What you should do →
Lines from the one containing "Leviton 80730-i Ivory Wallplate 3 Gangs" to the end of the data below are to be restated exactly, with both ends included and nothing else.

Records to process →
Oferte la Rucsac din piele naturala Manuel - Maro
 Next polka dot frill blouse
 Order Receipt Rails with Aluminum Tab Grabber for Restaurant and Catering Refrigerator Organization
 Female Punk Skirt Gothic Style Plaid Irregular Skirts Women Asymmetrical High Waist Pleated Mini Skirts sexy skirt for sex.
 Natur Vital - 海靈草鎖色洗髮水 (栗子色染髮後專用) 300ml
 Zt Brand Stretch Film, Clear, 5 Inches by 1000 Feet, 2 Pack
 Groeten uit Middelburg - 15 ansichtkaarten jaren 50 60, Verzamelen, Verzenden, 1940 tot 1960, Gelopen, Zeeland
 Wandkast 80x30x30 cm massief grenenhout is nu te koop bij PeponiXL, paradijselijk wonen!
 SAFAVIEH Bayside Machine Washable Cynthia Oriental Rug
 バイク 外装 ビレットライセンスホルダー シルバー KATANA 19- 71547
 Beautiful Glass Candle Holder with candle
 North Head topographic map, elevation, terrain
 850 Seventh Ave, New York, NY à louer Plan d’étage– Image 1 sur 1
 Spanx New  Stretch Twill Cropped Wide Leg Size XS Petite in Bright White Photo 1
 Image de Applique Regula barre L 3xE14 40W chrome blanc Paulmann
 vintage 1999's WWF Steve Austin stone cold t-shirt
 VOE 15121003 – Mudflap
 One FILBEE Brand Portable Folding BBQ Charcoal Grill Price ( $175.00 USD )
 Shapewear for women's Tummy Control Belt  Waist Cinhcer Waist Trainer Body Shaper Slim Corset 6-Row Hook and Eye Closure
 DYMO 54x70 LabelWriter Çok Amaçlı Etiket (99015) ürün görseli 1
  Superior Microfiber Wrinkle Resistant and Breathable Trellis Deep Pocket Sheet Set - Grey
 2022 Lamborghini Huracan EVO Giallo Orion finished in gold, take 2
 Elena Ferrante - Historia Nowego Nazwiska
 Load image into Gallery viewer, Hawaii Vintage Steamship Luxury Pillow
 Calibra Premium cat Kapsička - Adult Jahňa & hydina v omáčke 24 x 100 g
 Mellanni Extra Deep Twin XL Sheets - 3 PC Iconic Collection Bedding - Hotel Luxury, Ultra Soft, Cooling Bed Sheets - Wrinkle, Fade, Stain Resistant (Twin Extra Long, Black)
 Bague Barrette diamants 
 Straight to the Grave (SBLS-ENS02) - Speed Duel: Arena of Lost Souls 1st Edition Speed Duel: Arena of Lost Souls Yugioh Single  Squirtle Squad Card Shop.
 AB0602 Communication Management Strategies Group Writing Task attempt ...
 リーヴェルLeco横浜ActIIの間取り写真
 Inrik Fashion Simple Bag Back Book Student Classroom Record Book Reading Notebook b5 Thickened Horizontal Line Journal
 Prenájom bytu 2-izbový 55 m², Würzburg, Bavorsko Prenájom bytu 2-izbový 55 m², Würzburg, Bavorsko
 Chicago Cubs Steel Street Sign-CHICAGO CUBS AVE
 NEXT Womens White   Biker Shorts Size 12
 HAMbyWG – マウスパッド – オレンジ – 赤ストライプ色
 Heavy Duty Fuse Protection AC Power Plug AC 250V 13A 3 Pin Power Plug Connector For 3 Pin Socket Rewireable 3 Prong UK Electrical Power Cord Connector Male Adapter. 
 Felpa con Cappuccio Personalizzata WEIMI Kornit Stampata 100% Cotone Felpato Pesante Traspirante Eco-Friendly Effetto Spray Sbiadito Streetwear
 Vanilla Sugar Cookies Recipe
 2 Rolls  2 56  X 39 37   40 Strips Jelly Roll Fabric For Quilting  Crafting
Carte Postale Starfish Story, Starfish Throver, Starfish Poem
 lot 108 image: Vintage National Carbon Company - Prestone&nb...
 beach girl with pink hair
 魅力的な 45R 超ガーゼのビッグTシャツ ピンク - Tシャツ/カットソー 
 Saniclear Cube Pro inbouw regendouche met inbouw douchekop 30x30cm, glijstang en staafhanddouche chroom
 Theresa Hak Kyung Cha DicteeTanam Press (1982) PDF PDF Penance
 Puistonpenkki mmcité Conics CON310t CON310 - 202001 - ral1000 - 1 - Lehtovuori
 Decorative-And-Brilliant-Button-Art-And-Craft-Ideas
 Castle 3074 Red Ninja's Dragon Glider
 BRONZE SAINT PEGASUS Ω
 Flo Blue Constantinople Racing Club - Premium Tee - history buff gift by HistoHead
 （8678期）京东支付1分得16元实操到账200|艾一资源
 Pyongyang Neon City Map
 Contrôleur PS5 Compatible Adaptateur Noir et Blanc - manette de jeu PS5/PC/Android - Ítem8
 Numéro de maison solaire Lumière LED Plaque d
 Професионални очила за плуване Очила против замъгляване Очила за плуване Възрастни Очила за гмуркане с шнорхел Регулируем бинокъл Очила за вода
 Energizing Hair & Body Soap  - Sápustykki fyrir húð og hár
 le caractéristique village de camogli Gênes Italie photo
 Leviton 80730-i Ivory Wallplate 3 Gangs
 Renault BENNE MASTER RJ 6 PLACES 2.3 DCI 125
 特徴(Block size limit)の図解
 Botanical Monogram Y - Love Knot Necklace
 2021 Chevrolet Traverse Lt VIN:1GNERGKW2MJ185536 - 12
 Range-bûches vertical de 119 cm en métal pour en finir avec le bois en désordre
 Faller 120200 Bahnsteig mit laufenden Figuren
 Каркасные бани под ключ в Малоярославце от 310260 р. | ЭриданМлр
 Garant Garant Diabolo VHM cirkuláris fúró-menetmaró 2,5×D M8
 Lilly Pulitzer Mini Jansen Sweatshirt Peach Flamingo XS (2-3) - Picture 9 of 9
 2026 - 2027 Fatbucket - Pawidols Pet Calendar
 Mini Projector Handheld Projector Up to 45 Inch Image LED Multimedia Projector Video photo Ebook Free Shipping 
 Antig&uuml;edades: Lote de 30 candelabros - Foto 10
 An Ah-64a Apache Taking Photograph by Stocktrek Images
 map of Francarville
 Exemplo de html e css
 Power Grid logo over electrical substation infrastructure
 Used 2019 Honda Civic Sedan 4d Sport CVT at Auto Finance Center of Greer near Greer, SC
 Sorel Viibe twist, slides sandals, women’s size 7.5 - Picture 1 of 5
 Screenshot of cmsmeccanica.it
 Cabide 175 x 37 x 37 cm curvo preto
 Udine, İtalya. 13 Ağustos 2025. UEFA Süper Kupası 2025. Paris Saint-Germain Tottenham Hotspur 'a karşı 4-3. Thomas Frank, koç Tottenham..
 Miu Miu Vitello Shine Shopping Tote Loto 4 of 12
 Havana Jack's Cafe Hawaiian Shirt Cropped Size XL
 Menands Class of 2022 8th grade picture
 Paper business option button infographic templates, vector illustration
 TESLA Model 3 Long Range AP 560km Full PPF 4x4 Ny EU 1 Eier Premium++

Solution to the exercise →
 Leviton 80730-i Ivory Wallplate 3 Gangs
 Renault BENNE MASTER RJ 6 PLACES 2.3 DCI 125
 特徴(Block size limit)の図解
 Botanical Monogram Y - Love Knot Necklace
 2021 Chevrolet Traverse Lt VIN:1GNERGKW2MJ185536 - 12
 Range-bûches vertical de 119 cm en métal pour en finir avec le bois en désordre
 Faller 120200 Bahnsteig mit laufenden Figuren
 Каркасные бани под ключ в Малоярославце от 310260 р. | ЭриданМлр
 Garant Garant Diabolo VHM cirkuláris fúró-menetmaró 2,5×D M8
 Lilly Pulitzer Mini Jansen Sweatshirt Peach Flamingo XS (2-3) - Picture 9 of 9
 2026 - 2027 Fatbucket - Pawidols Pet Calendar
 Mini Projector Handheld Projector Up to 45 Inch Image LED Multimedia Projector Video photo Ebook Free Shipping 
 Antig&uuml;edades: Lote de 30 candelabros - Foto 10
 An Ah-64a Apache Taking Photograph by Stocktrek Images
 map of Francarville
 Exemplo de html e css
 Power Grid logo over electrical substation infrastructure
 Used 2019 Honda Civic Sedan 4d Sport CVT at Auto Finance Center of Greer near Greer, SC
 Sorel Viibe twist, slides sandals, women’s size 7.5 - Picture 1 of 5
 Screenshot of cmsmeccanica.it
 Cabide 175 x 37 x 37 cm curvo preto
 Udine, İtalya. 13 Ağustos 2025. UEFA Süper Kupası 2025. Paris Saint-Germain Tottenham Hotspur 'a karşı 4-3. Thomas Frank, koç Tottenham..
 Miu Miu Vitello Shine Shopping Tote Loto 4 of 12
 Havana Jack's Cafe Hawaiian Shirt Cropped Size XL
 Menands Class of 2022 8th grade picture
 Paper business option button infographic templates, vector illustration
 TESLA Model 3 Long Range AP 560km Full PPF 4x4 Ny EU 1 Eier Premium++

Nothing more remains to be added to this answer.